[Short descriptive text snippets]
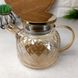 Заварювальний скляний чайник для плити 1л Бурштиновий перламутр Amber Crystal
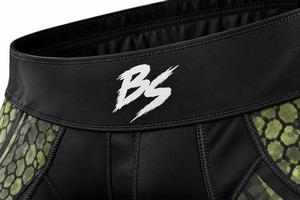 Leggings de compression noirs avec imprimé écailles vertes, taille haute, longueur intégrale, extensibles dans les quatre sens, en Spandex et Polyester, pour le yoga - Product Image 5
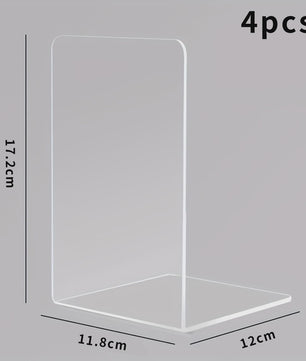 Set van 2, 4 of 8 Transparante Acryl Boekensteunen - L-vormig Bureau Opbergrek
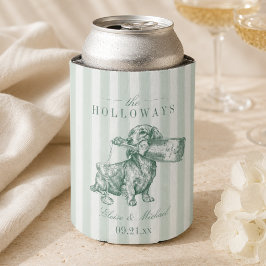 Porta-lata Noiva Champanhe Dachshund com Listras Verde Salvia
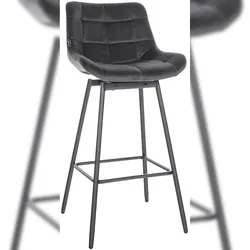 Décoshop26 - Drehbarer Barhocker x1 mit Fußstütze dunkelgrauer Samtbezug vierbeiniges schwarzes Metallgestell 10_0005472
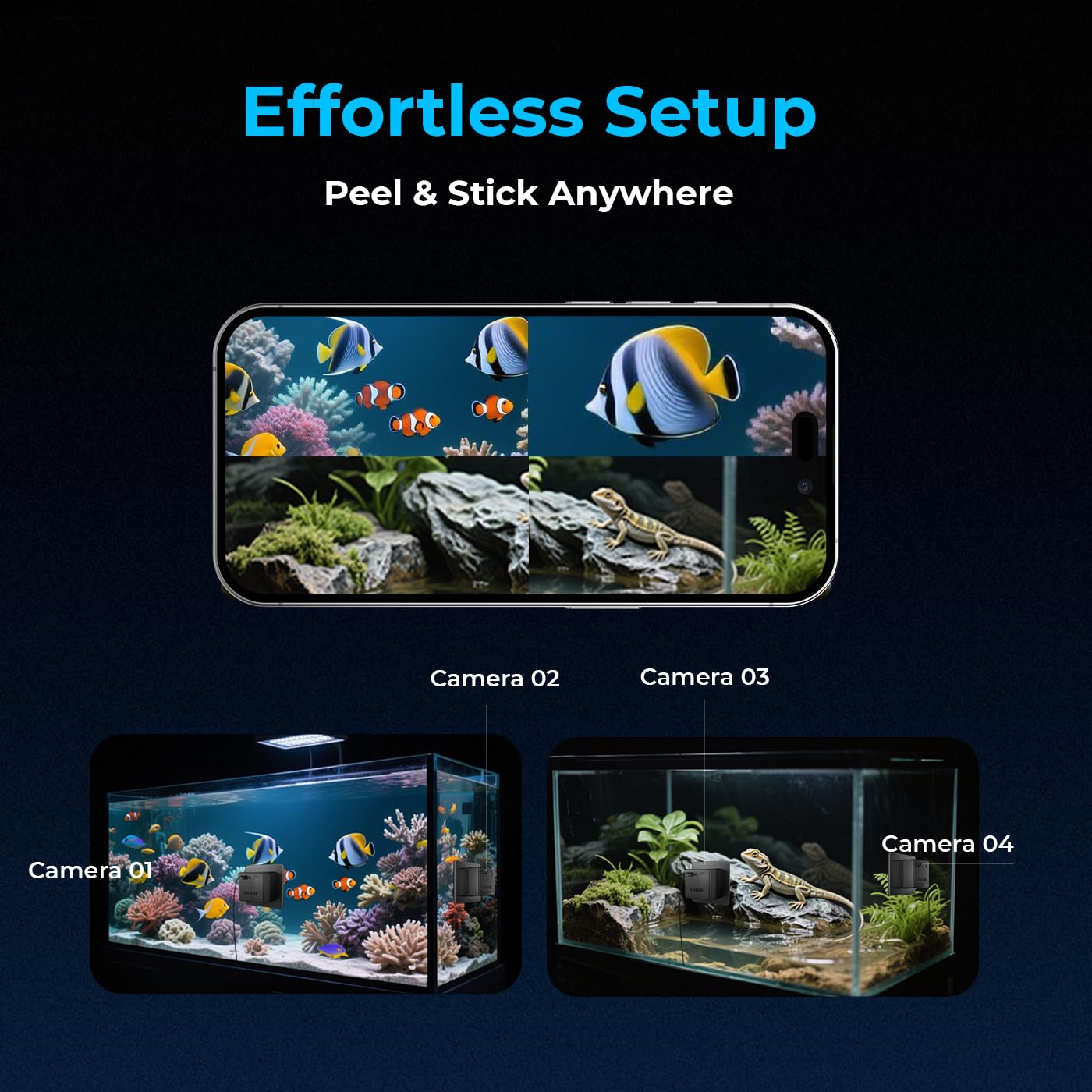 Caméra WiFi 2K HD pour aquarium et terrarium, grand angle 140°, vision nocturne, audio bidirectionnel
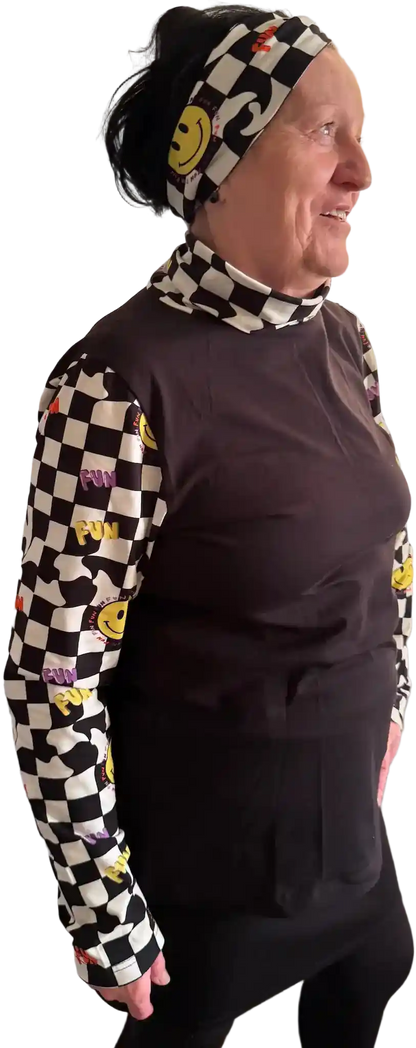 Jersey Rollkragen Sleeve „Hazel“ (schwarz und schwarz-weiß-kariert)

Your instructions: A word-for-word transcription of the entries above, free of images, is what is wanted.

Your response:
 Заварювальний скляний чайник для плити 1л Бурштиновий перламутр Amber Crystal
 Leggings de compression noirs avec imprimé écailles vertes, taille haute, longueur intégrale, extensibles dans les quatre sens, en Spandex et Polyester, pour le yoga - Product Image 5
 Set van 2, 4 of 8 Transparante Acryl Boekensteunen - L-vormig Bureau Opbergrek
 Porta-lata Noiva Champanhe Dachshund com Listras Verde Salvia
 Décoshop26 - Drehbarer Barhocker x1 mit Fußstütze dunkelgrauer Samtbezug vierbeiniges schwarzes Metallgestell 10_0005472
 Caméra WiFi 2K HD pour aquarium et terrarium, grand angle 140°, vision nocturne, audio bidirectionnel
 Jersey Rollkragen Sleeve „Hazel“ (schwarz und schwarz-weiß-kariert)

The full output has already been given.